By Crescenzo Vellucci
The Vanguard Sacramento Bureau
OAKLAND, CA – Two men who, according to their lawyers, each spent nearly 10 years in prison “based on false witness testimony from a woman paid off by an Oakland Police Department homicide investigator who is now charged with multiple felonies,” Thursday announced a federal civil rights lawsuit has been filed in U.S. District Court, Northern District of California.
Giovante Douglas and Cartier Hunter, who named the city of Oakland, Oakland Police Dept., and Phong Tran as defendants, were sentenced to life in prison in 2016 after convictions for killing a man after a 2011 traffic incident.
But, their legal team charges in a statement released Thursday that the “chief witness against them admitted that, at the urging of Oakland Police homicide detective Tran, she lied in an interview with Tran, and again during both the preliminary hearing and from the witness stand at the men’s trial.”

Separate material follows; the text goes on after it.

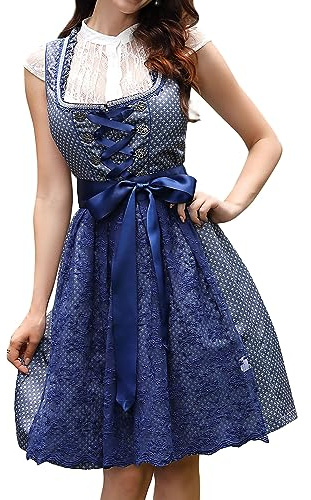 Clearlove Ensemble de 3 Robes de Costume Courtes élégantes pour Femme Dirndl avec Robe Dirndl, Tablier Dirndl, Chemisier Dirndl pour l'Oktoberfest (Bleu, 36)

The five count, 31-page pleading said, “Defendants caused Plaintiff Douglas and/or Hunter to suffer the indignity of a public trial, the most severe deprivation of liberty, over 10 years of emotional distress while being locked up for a crime they did not commit, and other injuries and damages.”
“These men lost their youth to wrongful imprisonment resulting from lies conjured up by an investigator who was sworn to rigorously adhere to facts, to protect the innocent, but who for reasons only he knows decided to betray his public duty and the community’s trust,” said Civil Rights Attorney Adanté Pointer, of Oakland’s Pointer & Buelna LLP.
“After almost two years of a stalled investigation, OPD Defendants manufactured an eyewitness, its star witness, Ms. Aisha Weber, who they claimed witnessed the shooting death of Charles Butler Jr. Making matters worse, for years, OPD Defendants then concealed the blatantly improper means used to obtain this concocted eyewitness,” according to the federal pleading.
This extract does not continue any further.